Categories / OTC/Healthcare
Guest Commentary

Plenty Of Opportunities For Retailers In VMS

Vitamins, minerals, supplements set for future growth.

July 3, 2013

We’re not yet out of the woods with a recovery from what is being called “The Great Recession.” Economists and other pundits watch all the indicators looking for any sign of good or bad news; the same set of data often elicits some of each.

While the recovery may be slow, there is little doubt that whatever constitutes “normal” going forward will be different from five years ago.

Private brands are one area that has actually benefited from the foundering economy. The typical shopper response in a recession is to “trade down” to private label when the economy takes a dive and then return to the national brand as things get better. That didn’t happen this time, for a couple of reasons.

First, as stated, we’re not really recovered yet, and consumers are still playing it safe. Second, private brands are no longer just cheaper imitations of the real thing; they increasingly offer quality products with a solid value proposition.

Whatever the reason, the move back to national brands hasn’t happened, and may not, as short-term changes become long-term habits. Growth for retailers remains a problem though, even with higher private label sales. The retail food industry is only growing at about 2 percent annually, which isn’t really growth.

One bright spot – and a major opportunity – is in vitamins, minerals and supplements (VMS).

This category is projected to grow at more than 6 percent annually the next few years, driven by higher consumer awareness and an increasing desire to be proactive about nutrition. Already an $11 billion industry, this growth trajectory shows no signs of leveling off. From 2009 through 2011, supermarkets were the biggest gainers, with more than 10 percent growth in the category overall.

In addition, VMS shoppers are valuable: their annual spend per shopper is nearly twice as high as that of non-VMS shoppers, and basket size is 167 percent greater. Vitamins, minerals and supplements make up the largest HBC category in supermarket sales in the U.S., and 80 percent of consumers buy their VMS products in supermarkets and drugstores.

Add all those numbers up and the result is growth opportunity, no matter how you look at it.

Even better is the private brand aspect. As consumers have become accustomed to buying private labels and are comfortable with the quality of those products, they are also considering private brands for high-end purchases when they wouldn’t have a few years ago. VMS benefits from this change in perspective, as educated shoppers get savvy about vitamins and look for information beyond brand names at the shelf.

There are three important things to remember about the VMS category:

• It’s growing at 3 times the overall growth rate for retail

• Shoppers in this category have larger baskets than other shoppers overall

• Private brands are relevant and set a tone for other categories in terms of quality and value

What VMS shoppers want most is information at the shelf edge.

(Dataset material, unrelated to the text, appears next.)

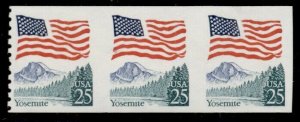 US #2280c, 25¢ Flag Over Yosemite, Imperf Transition Strip of 3, scarcer, og, NH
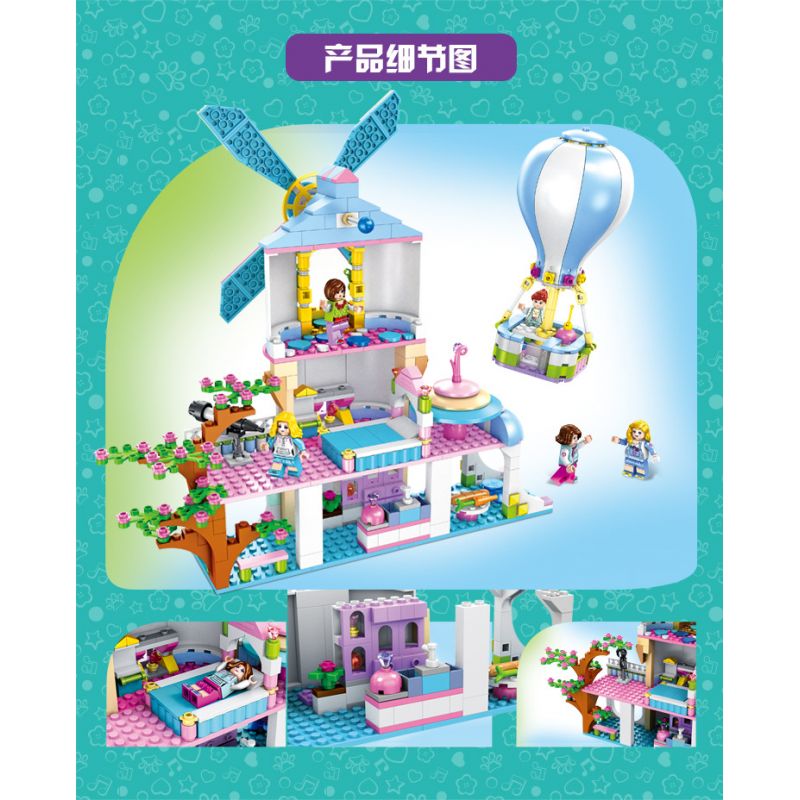 FORANGE FC3507 3507 non  NGÔI NHÀ MƠ ƯỚC CỐI XAY GIÓ bộ đồ chơi xếp lắp ráp ghép mô hình Girl DREAM HOUSE Con Gái 620 khối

Seventy-four percent of shoppers say they want product and condition-specific information available while shopping the category. Shoppers are hungry for education that is relevant to their needs, and this is where grocery stores can really benefit by providing relevant content on the shelf edge.

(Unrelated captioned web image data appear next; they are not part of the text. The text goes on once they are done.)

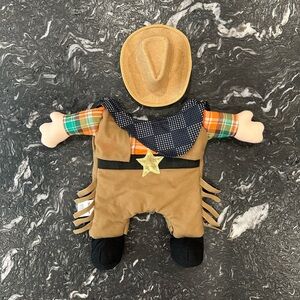 Halloween Bootique Cowboy Dog Costume with Cowboy Hat Size Medium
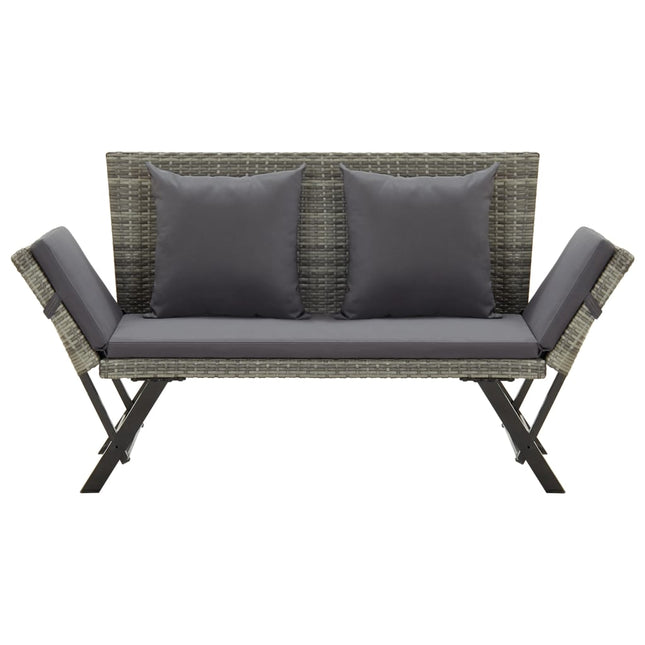 havebænk med hynder 176 cm polyrattan grå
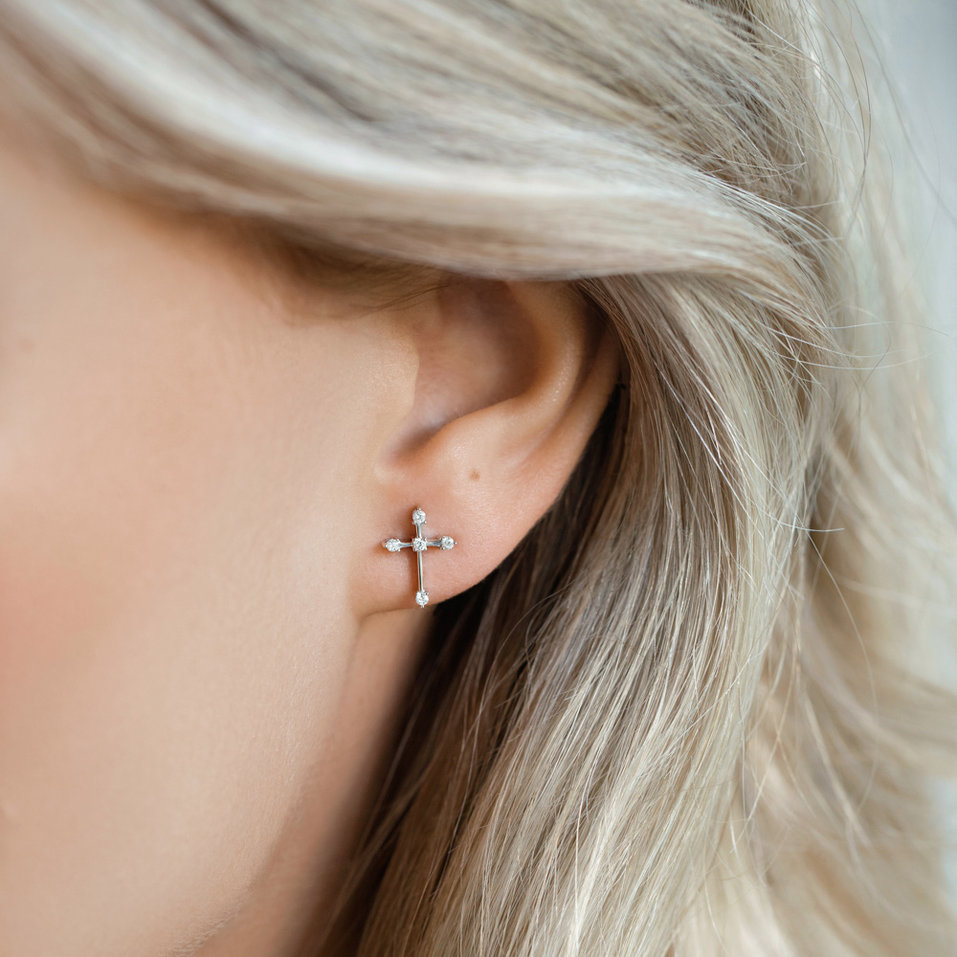 Náušnice s diamanty Shiny Cross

Because retailers ultimately control what’s on the shelf edge, they can make certain that they put emphasis on their private labels while providing educational insights for shoppers. Shoppers in this category aren’t any more brand loyal than they are for other categories, and by providing some incremental data points about the private brand products, there is a connection to be made with the shopper that can cross to other store brand categories.

 VMS shoppers are open to buying private brands, have larger-than-average baskets, and are just looking for some added information about the products they buy. Answering those needs by creating a VMS destination will not only grow share for that category – and for the private brands within it – but help overall revenue growth across the store.